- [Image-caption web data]
= = = = =
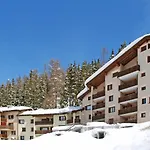 Apartment Residenza Chesa Margun 710-1 By Interhome Apartment Surlej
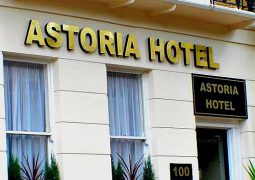 Astoria Hotel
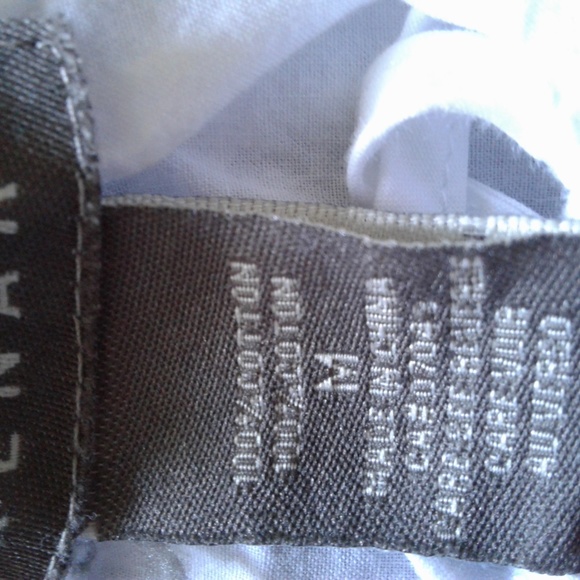 Kenar embroidered cotton top - Picture 4 of 4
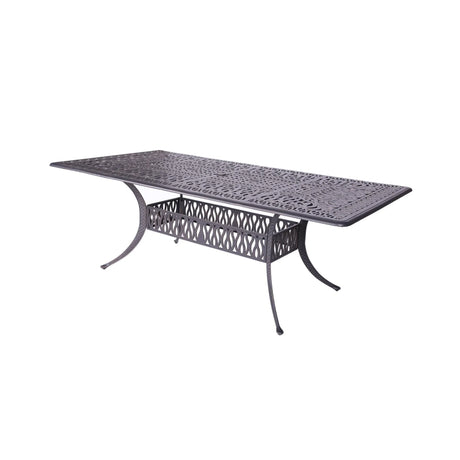 Rectangle Table - Desert Night - Furniture Home Direct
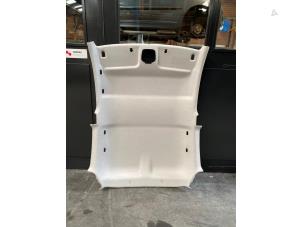 Gebruikte Hemelbekleding Peugeot 207/207+ (WA/WC/WM) 1.6 16V VTRi Prijs op aanvraag aangeboden door Autodemontage Joko B.V.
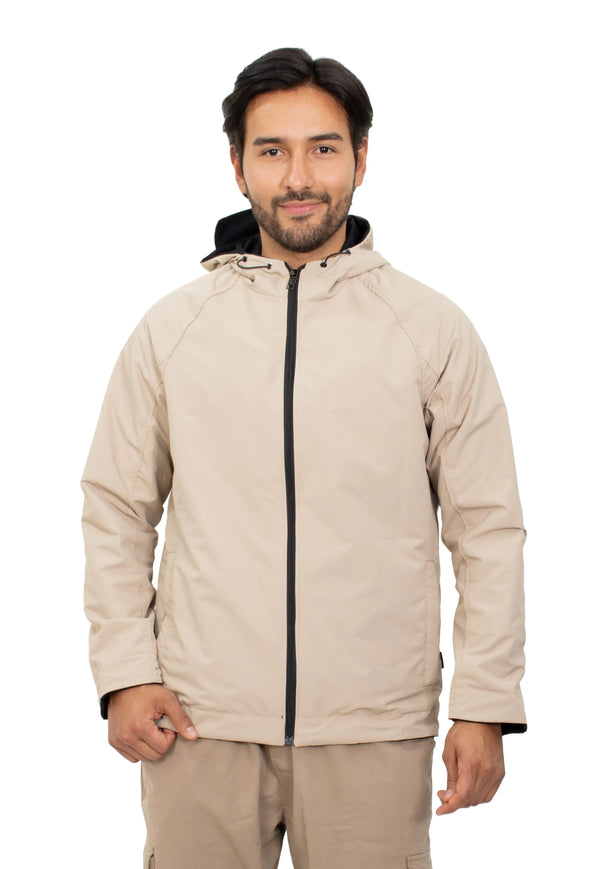 Chaqueta Doble faz BRAVESTONE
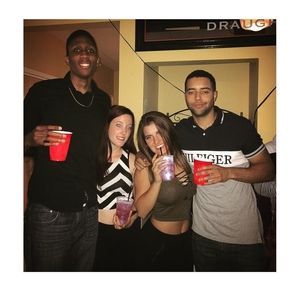 Meet your Posher, Kyle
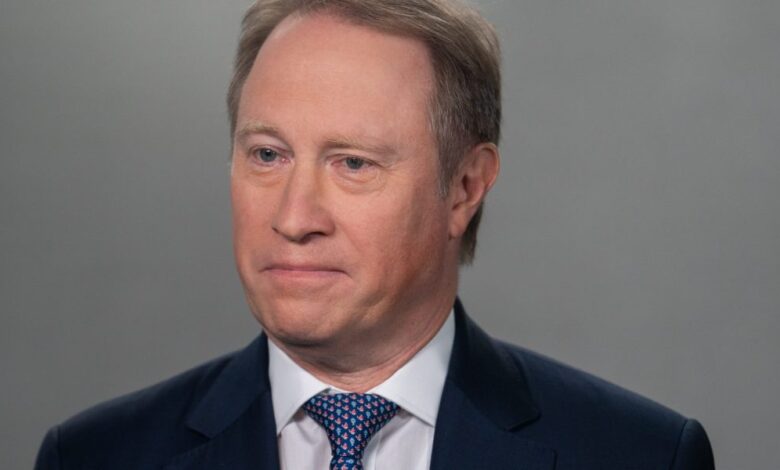 Morgan Stanley posts biggest earnings beat in nearly 5 years with record quarterly revenue of .2 billion, shares up 4.7%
= = = = =
- [YOUR GOAL]
Set down exactly the lines from the start of the records through the line containing "Chaqueta Doble faz BRAVESTONE", both included, and omit the pictures.

- [WRITTEN SOLUTION]
 Apartment Residenza Chesa Margun 710-1 By Interhome Apartment Surlej
 Astoria Hotel
 Kenar embroidered cotton top - Picture 4 of 4
 Rectangle Table - Desert Night - Furniture Home Direct
 Gebruikte Hemelbekleding Peugeot 207/207+ (WA/WC/WM) 1.6 16V VTRi Prijs op aanvraag aangeboden door Autodemontage Joko B.V.
 Chaqueta Doble faz BRAVESTONE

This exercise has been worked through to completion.